_The records_
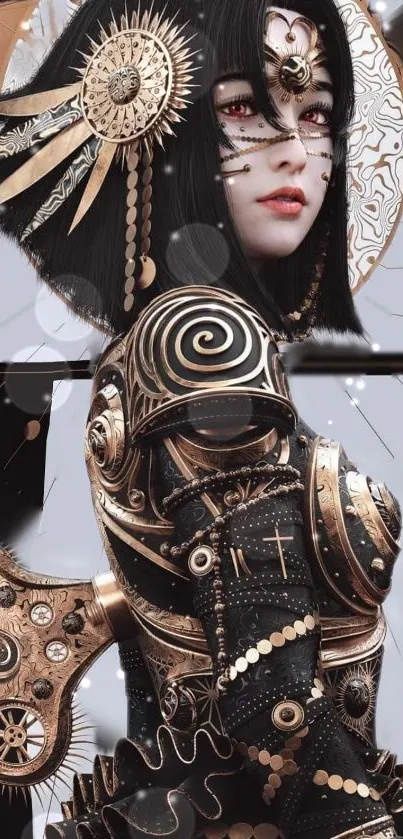 Steampunk geisha with intricate mechanical design.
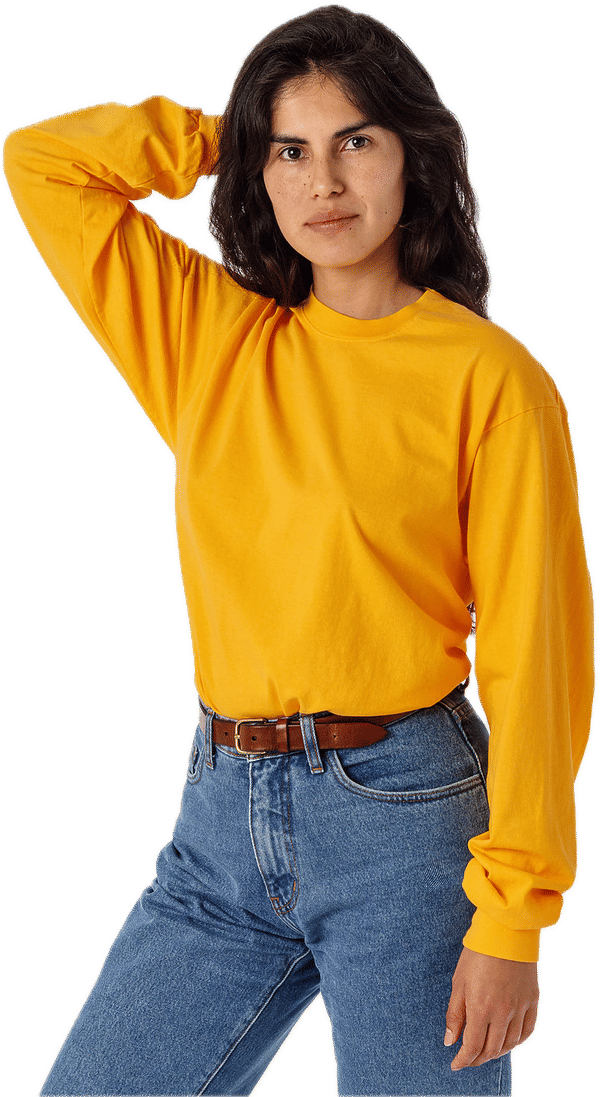 Am image of a Custom LA Apparel Long Sleeve Garment Dye Crewneck Shirt in Gold!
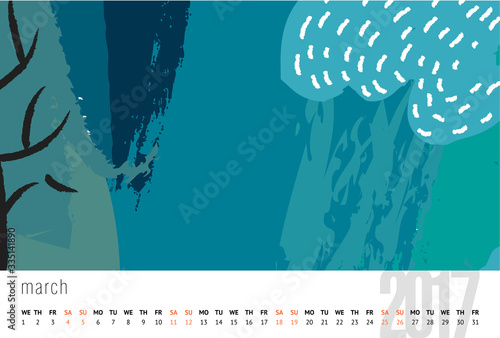 Calendar for 2017 vector template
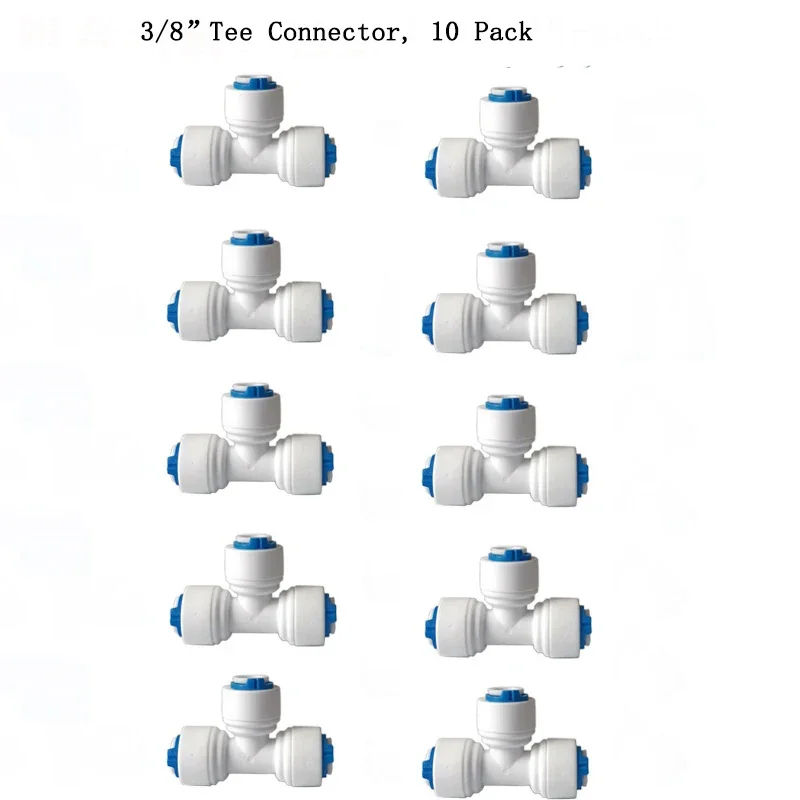 1/4" 3/8" buitendiameter Quick Connect Push In RO Waterbuis Recht T-stuk Elleboog Kogelkraan Fittings Kit 10. 25 PACK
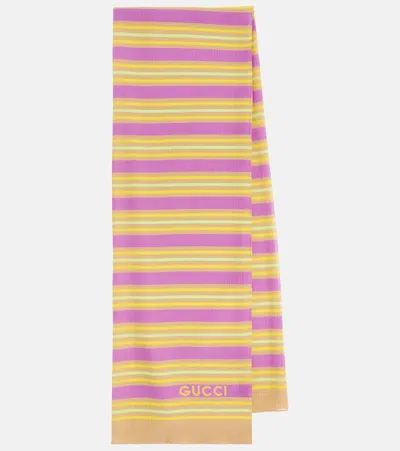 Gucci 条纹真丝与棉质围巾 In Yellow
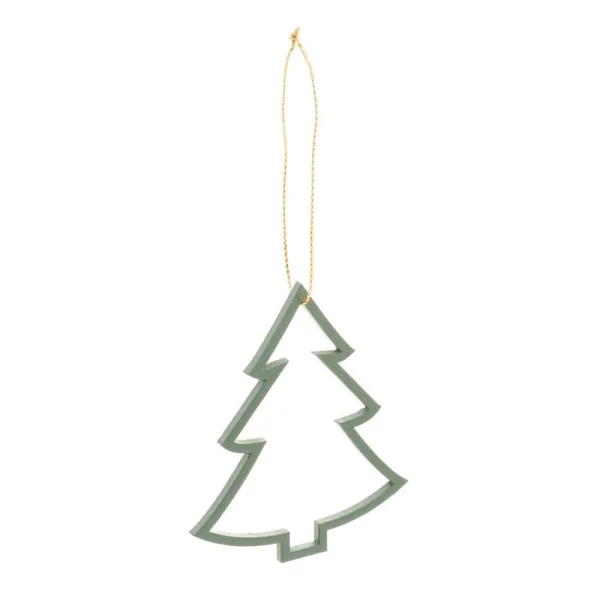 3 Enfeites Woodart para Árvore de Natal Vazado Verde - Imagem 3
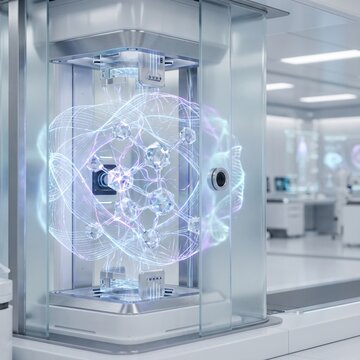 Artificial intelligence analyzing biomedical data inside a secure glass containment unit in high tech lab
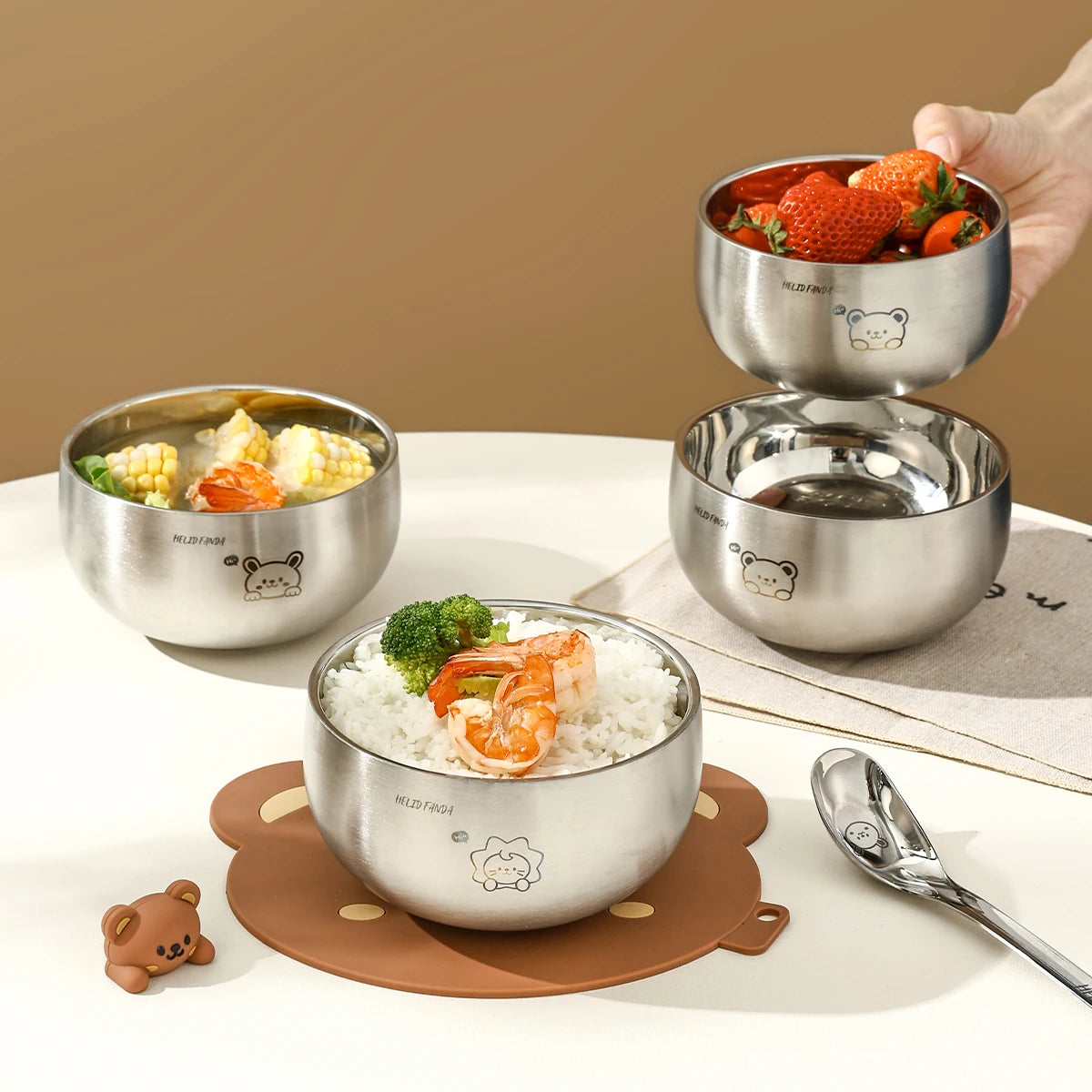 Cartoon Stainless Steel Ramen Bowl - Eco-Friendly & Safe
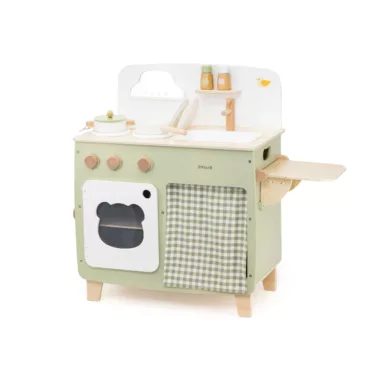 PolarB компактна детска дървена кухня за игра VIGA Toys със сгъваем плот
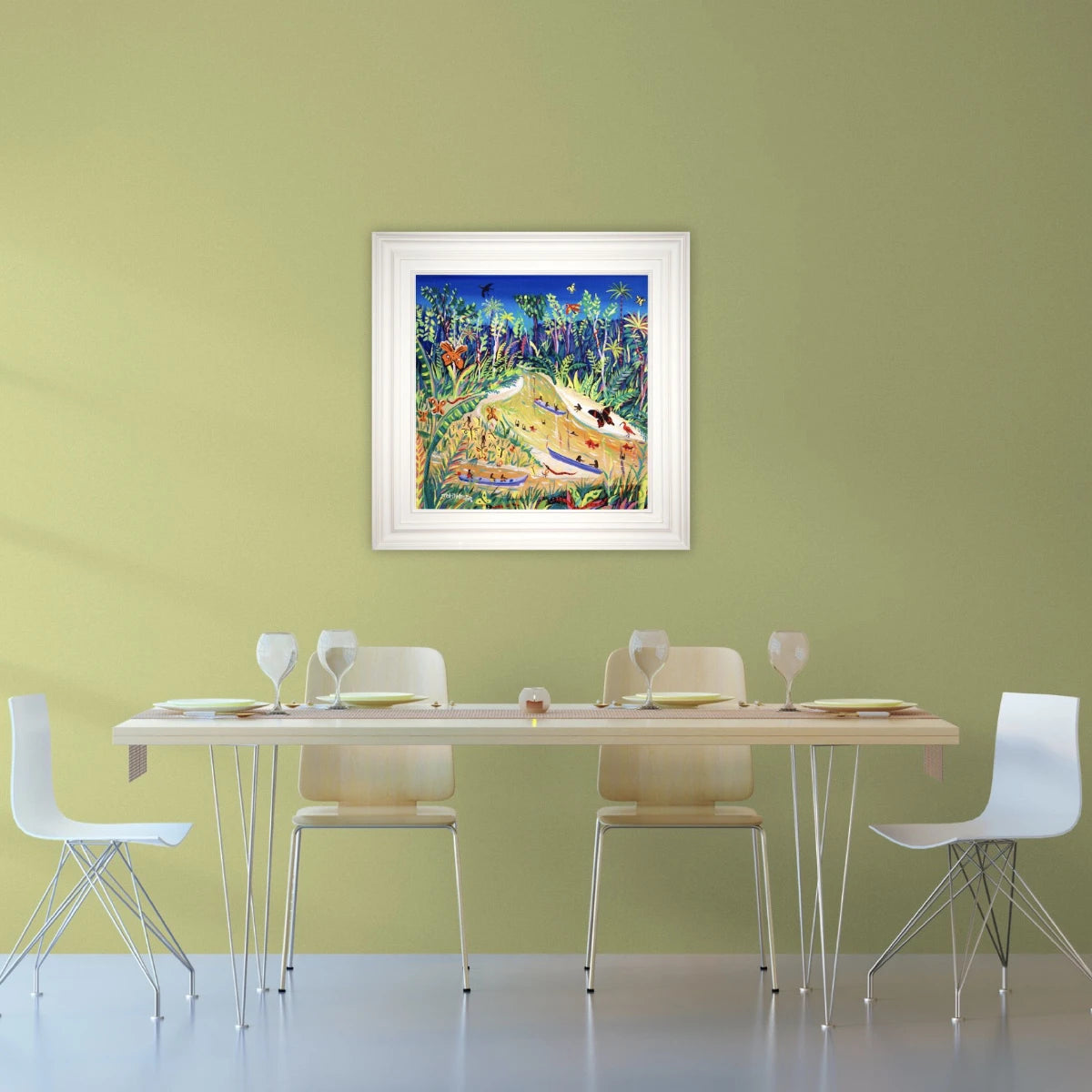 John Dyer Painting. Spiritual Butterflies, Rio Gregório, Amazon Rainforest, Brazil. 24 x 24 inches acrylic on canvas. John Dyer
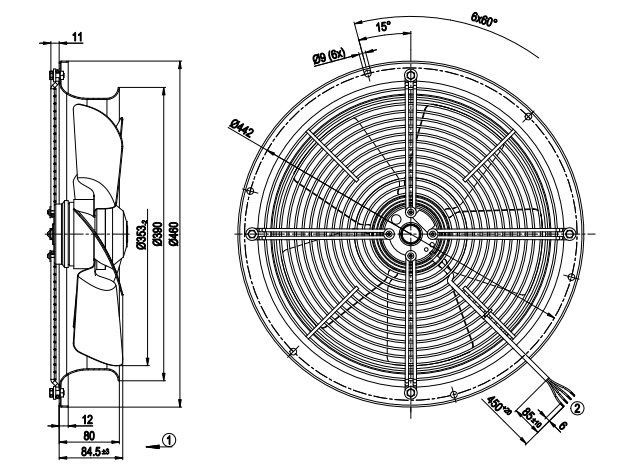 W4E350-CA06-01 ebmpapst 140W 230V AC AXIAL FAN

_Task details_
Everything in the data except the pictures should be restated word for word.

_Response below_
 Steampunk geisha with intricate mechanical design.
 Am image of a Custom LA Apparel Long Sleeve Garment Dye Crewneck Shirt in Gold!
 Calendar for 2017 vector template
 1/4" 3/8" buitendiameter Quick Connect Push In RO Waterbuis Recht T-stuk Elleboog Kogelkraan Fittings Kit 10. 25 PACK
 Gucci 条纹真丝与棉质围巾 In Yellow
 3 Enfeites Woodart para Árvore de Natal Vazado Verde - Imagem 3
 Artificial intelligence analyzing biomedical data inside a secure glass containment unit in high tech lab
 Cartoon Stainless Steel Ramen Bowl - Eco-Friendly & Safe
 PolarB компактна детска дървена кухня за игра VIGA Toys със сгъваем плот
 John Dyer Painting. Spiritual Butterflies, Rio Gregório, Amazon Rainforest, Brazil. 24 x 24 inches acrylic on canvas. John Dyer
 W4E350-CA06-01 ebmpapst 140W 230V AC AXIAL FAN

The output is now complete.